▸ How to complete this task
Exclude the pictures, then copy all remaining records exactly.

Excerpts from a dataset
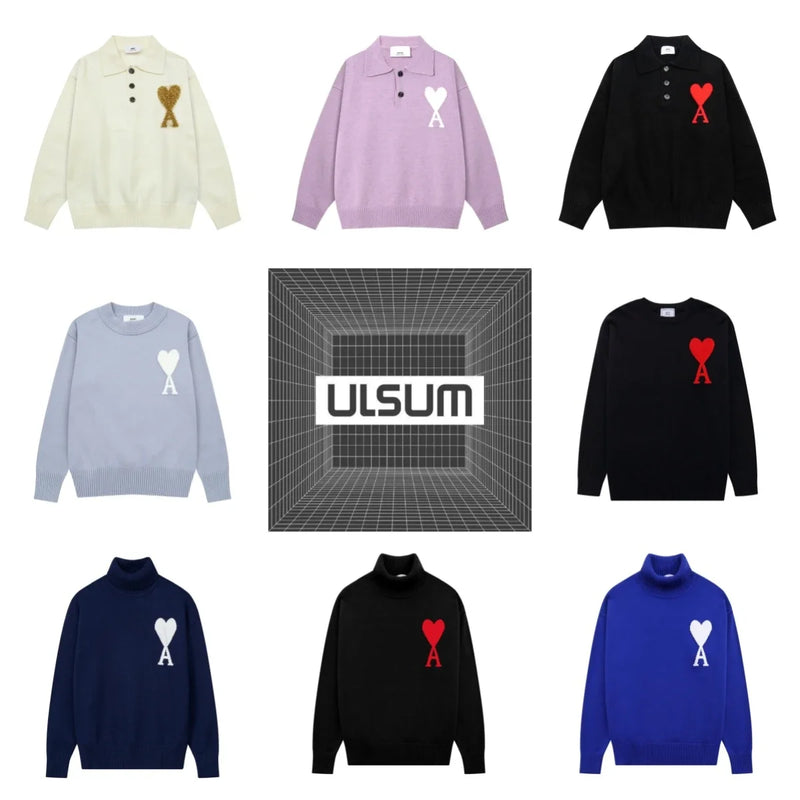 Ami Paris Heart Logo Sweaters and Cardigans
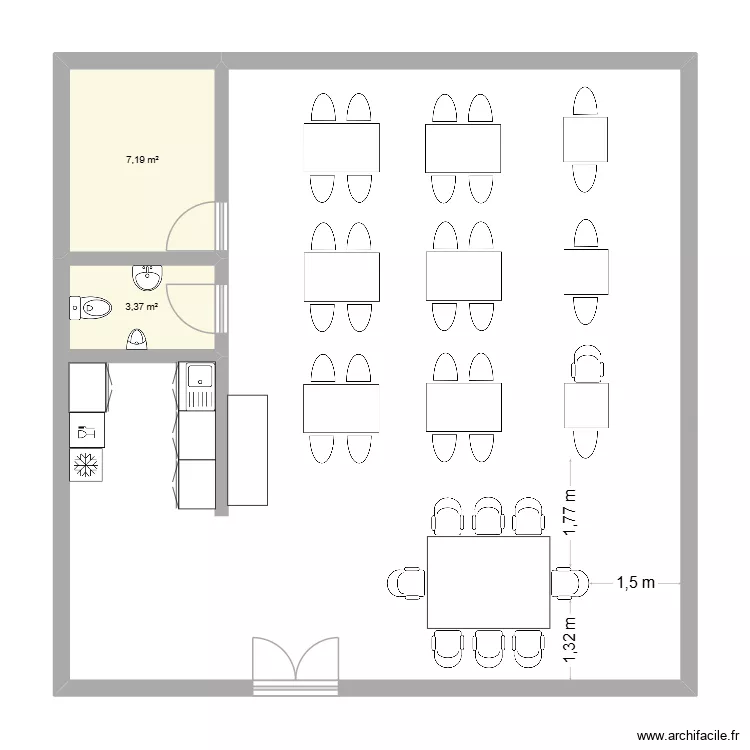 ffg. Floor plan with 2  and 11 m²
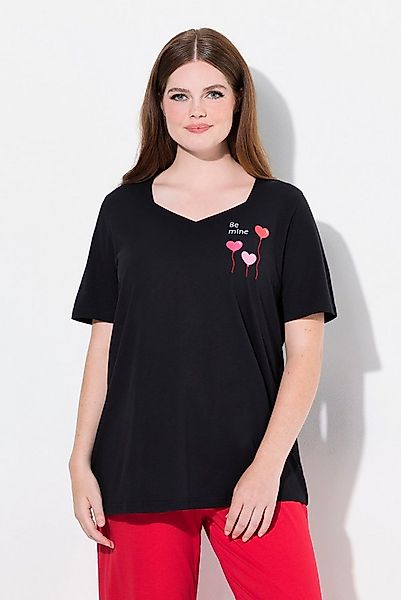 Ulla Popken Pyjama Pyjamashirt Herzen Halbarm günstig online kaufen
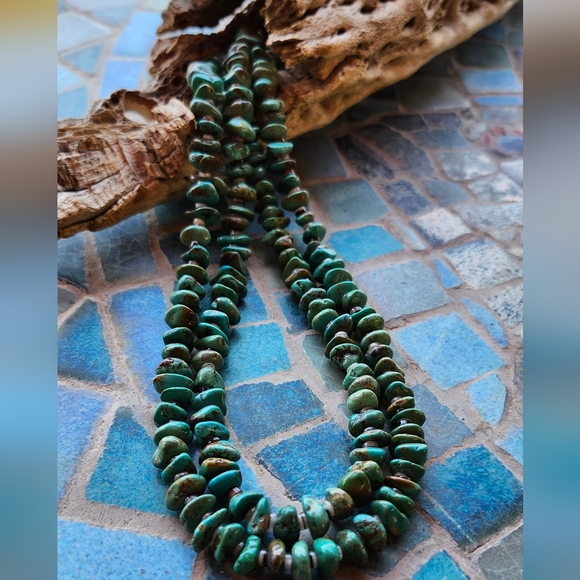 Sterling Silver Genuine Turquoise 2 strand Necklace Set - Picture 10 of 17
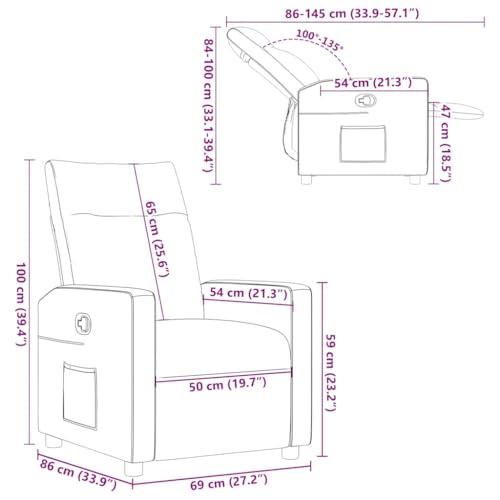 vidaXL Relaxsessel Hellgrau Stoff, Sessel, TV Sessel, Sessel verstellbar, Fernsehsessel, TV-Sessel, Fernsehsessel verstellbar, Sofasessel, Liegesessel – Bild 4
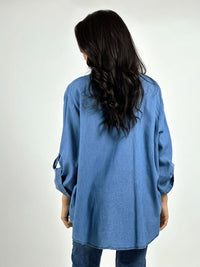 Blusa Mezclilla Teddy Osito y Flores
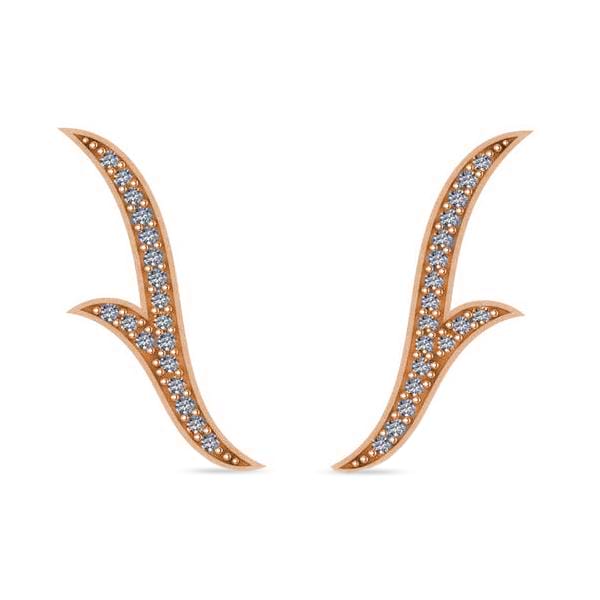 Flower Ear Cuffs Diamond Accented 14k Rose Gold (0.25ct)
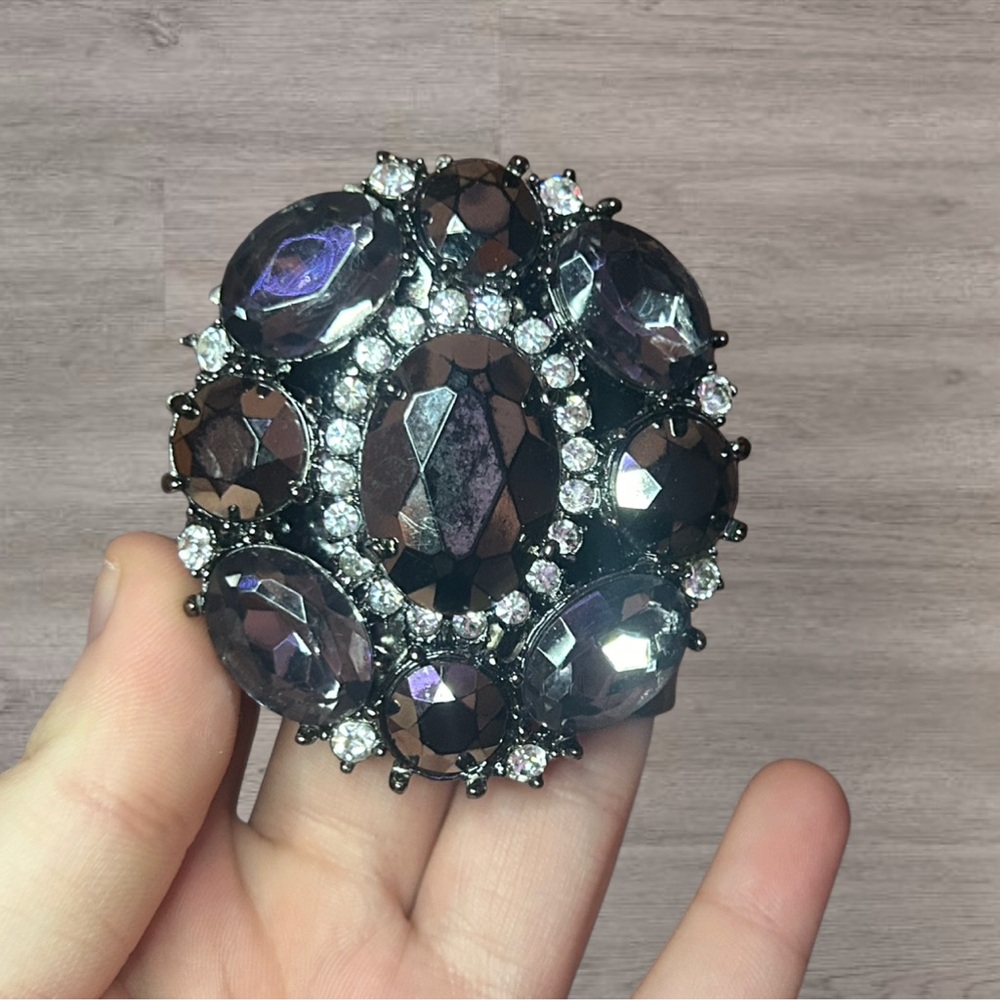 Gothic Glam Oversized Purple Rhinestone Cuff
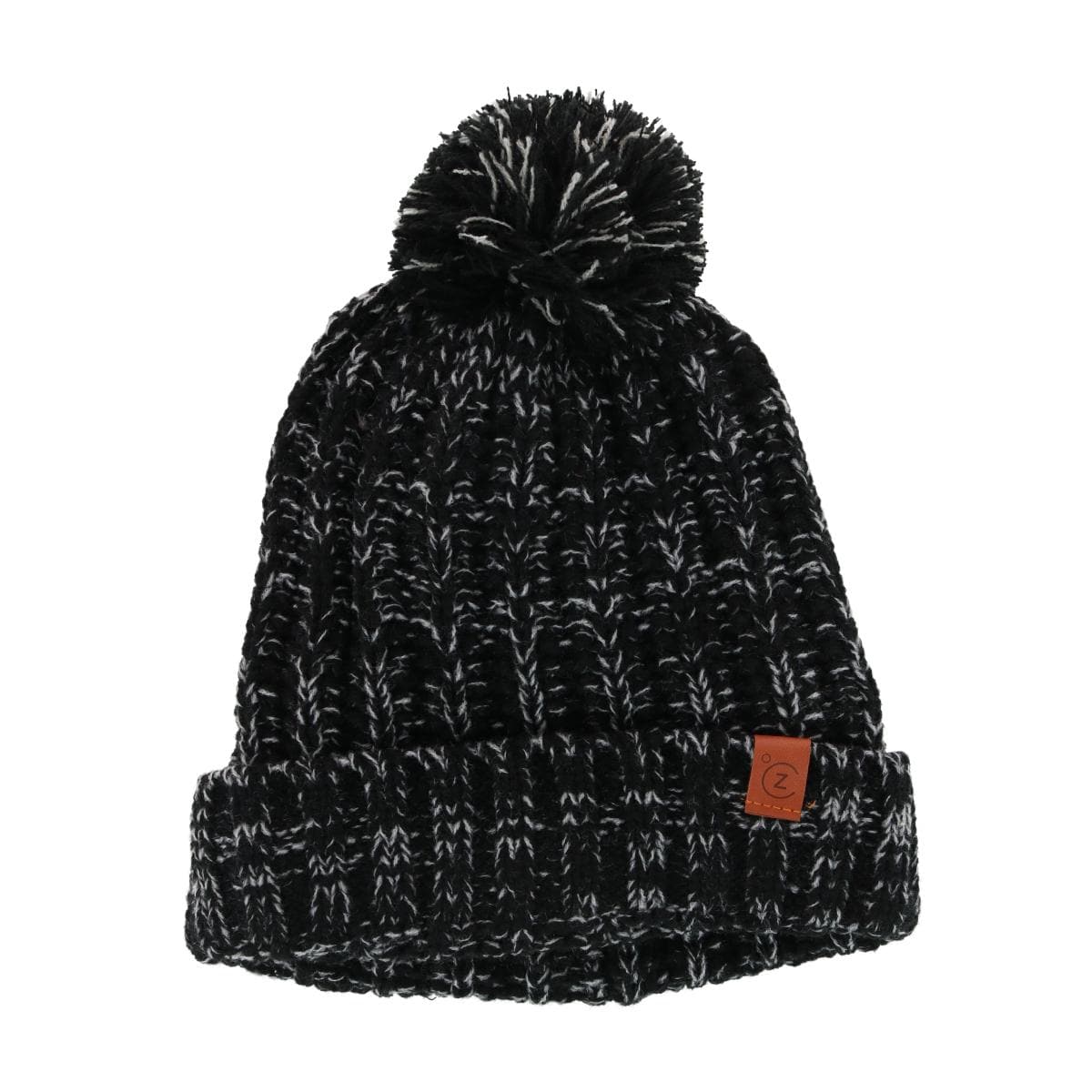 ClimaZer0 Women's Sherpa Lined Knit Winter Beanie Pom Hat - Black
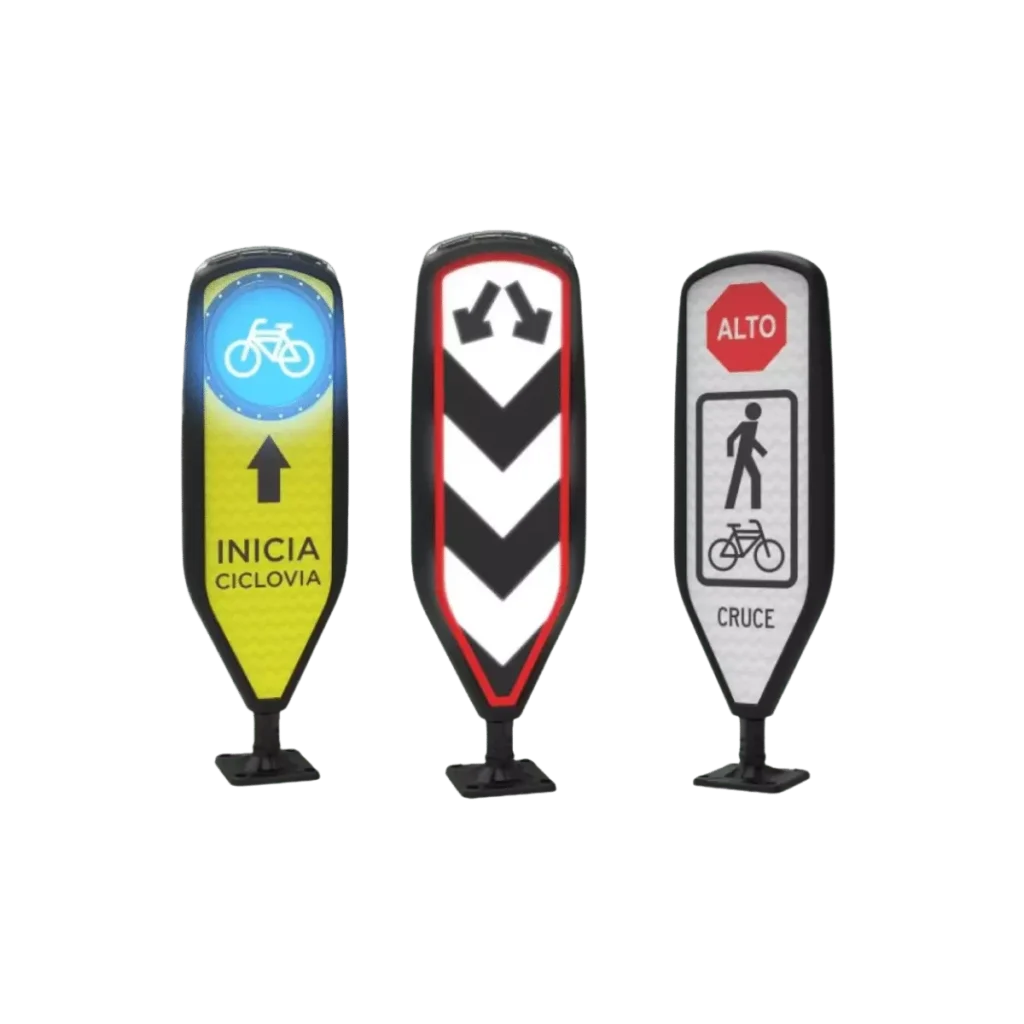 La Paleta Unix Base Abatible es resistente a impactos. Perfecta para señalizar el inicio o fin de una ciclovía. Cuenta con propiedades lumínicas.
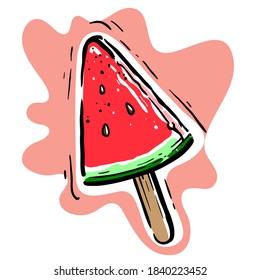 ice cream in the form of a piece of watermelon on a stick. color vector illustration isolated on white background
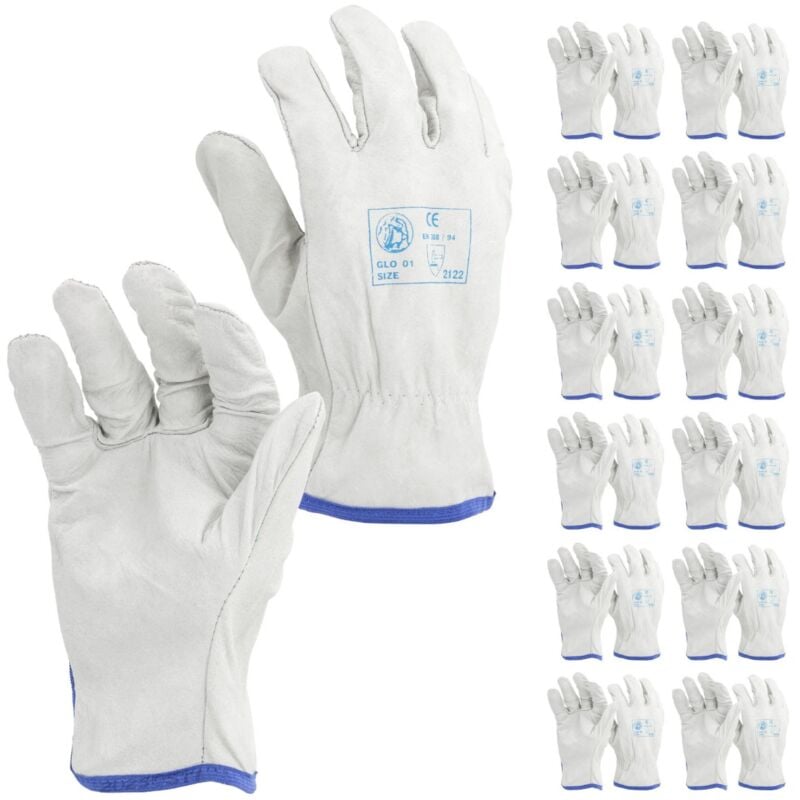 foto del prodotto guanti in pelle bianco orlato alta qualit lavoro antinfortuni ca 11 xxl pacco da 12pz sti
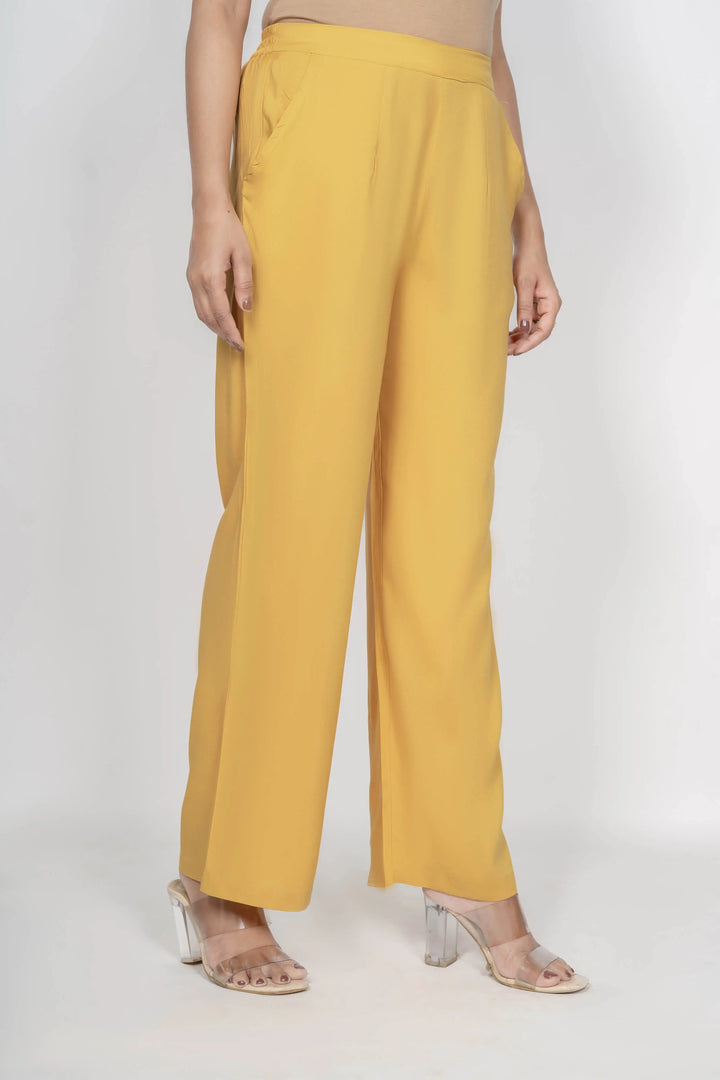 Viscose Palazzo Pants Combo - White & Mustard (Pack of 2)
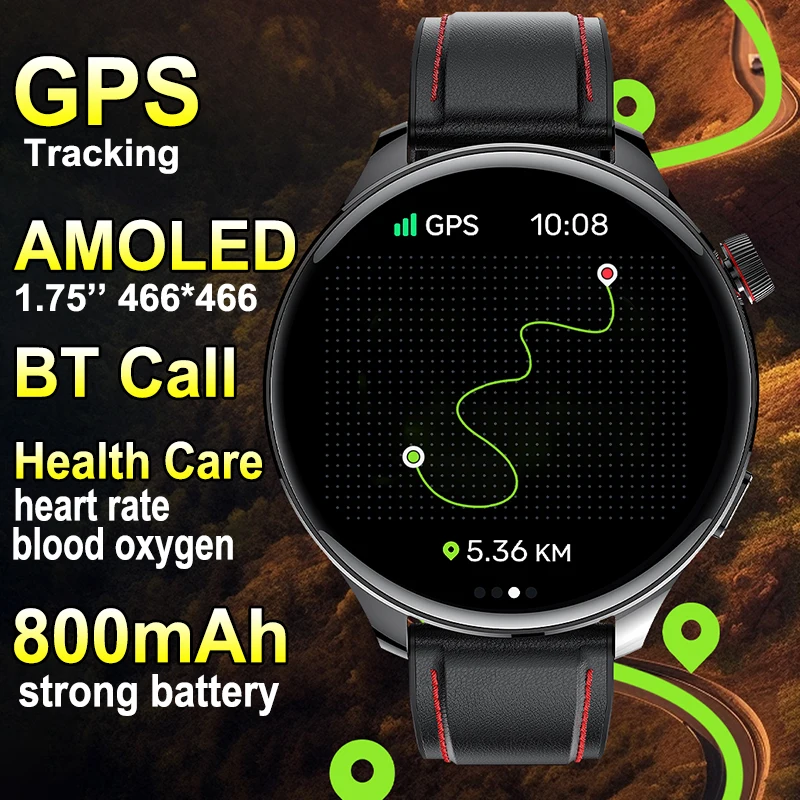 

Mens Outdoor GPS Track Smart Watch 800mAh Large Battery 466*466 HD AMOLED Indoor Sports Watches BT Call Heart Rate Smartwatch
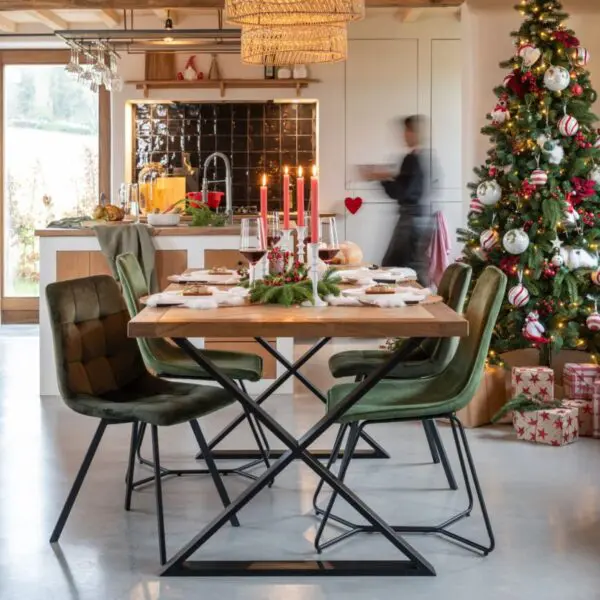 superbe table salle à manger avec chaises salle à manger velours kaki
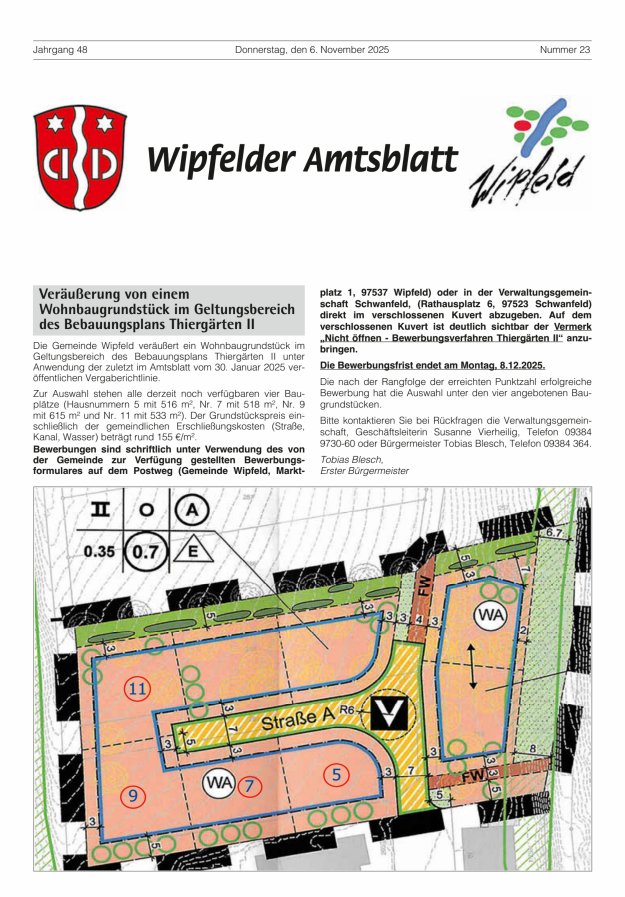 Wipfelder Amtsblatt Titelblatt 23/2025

▸ Task result
 Ami Paris Heart Logo Sweaters and Cardigans
 ffg. Floor plan with 2  and 11 m²
 Ulla Popken Pyjama Pyjamashirt Herzen Halbarm günstig online kaufen
 Sterling Silver Genuine Turquoise 2 strand Necklace Set - Picture 10 of 17
 vidaXL Relaxsessel Hellgrau Stoff, Sessel, TV Sessel, Sessel verstellbar, Fernsehsessel, TV-Sessel, Fernsehsessel verstellbar, Sofasessel, Liegesessel – Bild 4
 Blusa Mezclilla Teddy Osito y Flores
 Flower Ear Cuffs Diamond Accented 14k Rose Gold (0.25ct)
 Gothic Glam Oversized Purple Rhinestone Cuff
 ClimaZer0 Women's Sherpa Lined Knit Winter Beanie Pom Hat - Black
 La Paleta Unix Base Abatible es resistente a impactos. Perfecta para señalizar el inicio o fin de una ciclovía. Cuenta con propiedades lumínicas.
 ice cream in the form of a piece of watermelon on a stick. color vector illustration isolated on white background
 foto del prodotto guanti in pelle bianco orlato alta qualit lavoro antinfortuni ca 11 xxl pacco da 12pz sti
 Viscose Palazzo Pants Combo - White & Mustard (Pack of 2)

Mens Outdoor GPS Track Smart Watch 800mAh Large Battery 466*466 HD AMOLED Indoor Sports Watches BT Call Heart Rate Smartwatch
 superbe table salle à manger avec chaises salle à manger velours kaki
 Wipfelder Amtsblatt Titelblatt 23/2025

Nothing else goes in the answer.